Exercise brief: Write out again, word for word, the lines below from the line that holds "Montre en Bois Homme à Quartz - Tabebuia" through the line that holds "cherryvalleydental.com screenshot", omitting pictures.

Working data:
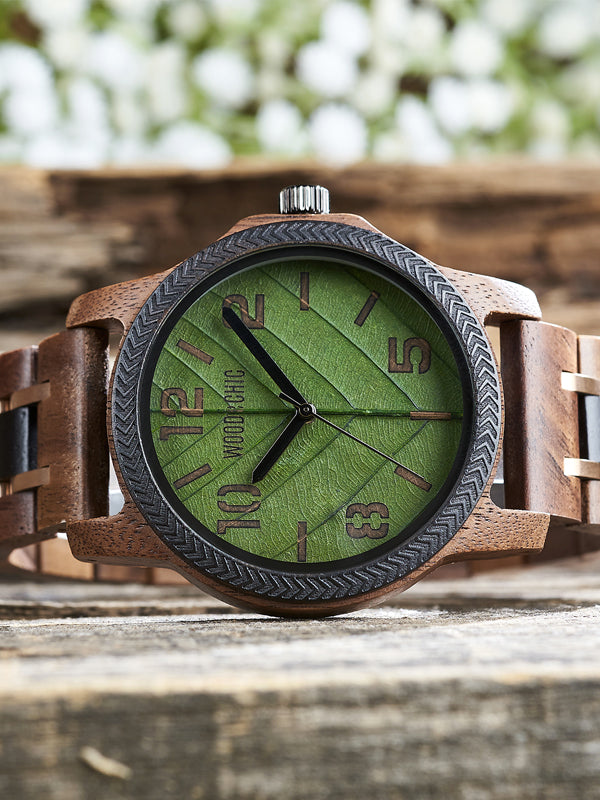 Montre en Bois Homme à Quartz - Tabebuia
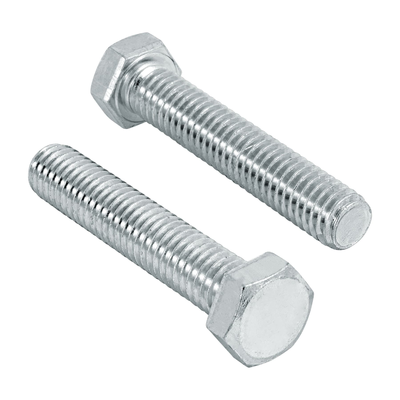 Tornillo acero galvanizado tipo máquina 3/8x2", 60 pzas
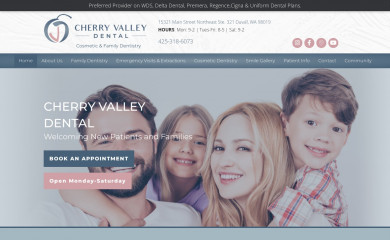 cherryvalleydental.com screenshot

--

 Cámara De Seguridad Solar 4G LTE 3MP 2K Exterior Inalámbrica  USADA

...

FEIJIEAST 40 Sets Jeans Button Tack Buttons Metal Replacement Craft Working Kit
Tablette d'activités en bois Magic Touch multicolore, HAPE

Result for this task:
 Montre en Bois Homme à Quartz - Tabebuia
 Tornillo acero galvanizado tipo máquina 3/8x2", 60 pzas
 cherryvalleydental.com screenshot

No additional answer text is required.